Noam Galai/Getty Images


Billy Joel with special guest Gavin DeGraw
Fenway Park
Boston, MA
June 26,2014




Many years ago, my dearly departed grandmother, who never saw a penny she couldn't pinch, asked me why I would spend money on a concert ticket when I could stay at home and listen to the recordings for free. I was never able to answer her, partially because she wasn't the sort of grandmother who invited responses, and partially because it really is a logical trap, especially when it comes to William Martin Joel, whose albums I have listened to for almost as long as he has been recording them. I have no shortage of Billy Joel albums, bootlegs, alternate takes, and live versions to listen to. Why was I sitting on an uncomfortable seat in an overpriced, crowded venue to hear music I've heard dozens of times before? (Not to mention to hear it poorly, since open air baseball venues, especially 102 year old Fenway, are not designed for audio and have angles and walls that serve to soak up and distort concert sound.) 

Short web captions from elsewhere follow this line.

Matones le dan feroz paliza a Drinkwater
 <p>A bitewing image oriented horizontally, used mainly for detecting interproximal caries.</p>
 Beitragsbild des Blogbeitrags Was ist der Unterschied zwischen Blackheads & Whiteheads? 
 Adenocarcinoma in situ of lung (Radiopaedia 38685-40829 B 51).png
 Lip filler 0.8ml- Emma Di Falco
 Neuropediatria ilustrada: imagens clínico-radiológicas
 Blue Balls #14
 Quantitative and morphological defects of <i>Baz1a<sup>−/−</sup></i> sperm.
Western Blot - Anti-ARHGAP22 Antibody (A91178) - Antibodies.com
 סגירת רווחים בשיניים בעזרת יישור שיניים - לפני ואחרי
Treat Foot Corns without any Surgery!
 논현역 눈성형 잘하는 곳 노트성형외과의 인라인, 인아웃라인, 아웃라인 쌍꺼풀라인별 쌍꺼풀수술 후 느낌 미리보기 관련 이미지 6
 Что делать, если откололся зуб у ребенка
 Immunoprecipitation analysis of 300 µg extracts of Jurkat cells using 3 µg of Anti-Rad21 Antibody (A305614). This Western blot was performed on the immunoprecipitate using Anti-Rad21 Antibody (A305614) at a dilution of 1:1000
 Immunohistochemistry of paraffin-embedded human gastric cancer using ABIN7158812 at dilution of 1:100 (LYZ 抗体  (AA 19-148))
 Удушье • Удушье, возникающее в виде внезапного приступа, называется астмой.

After a muddy sounding, but enthusiastic set from someone named Gavin DeGraw, (I have never seen Billy with an opening act, but given that the man is approaching 70, it is fair to ask someone to share the load.) Joel began loudly, but with equally poor fidelity, with 1986's rocker "A Matter of Trust" and a selection of common songs from his recent sets, including "Summer, Highland Falls", "Pressure", and "Zanzibar". The reception from the crowd seemed somewhat uncertain, cell phones popping out and conversations continuing, until he played a snippet of Neil Diamond's "Sweet Caroline," a song which has become a Red Sox fan favorite, and a rewritten "New York State of Mind" with Boston place names inserted, a version written to raise funds for Boston's One Fund, featuring 13 year old Emma Stanganelli on vocals, which proved predictably popular.  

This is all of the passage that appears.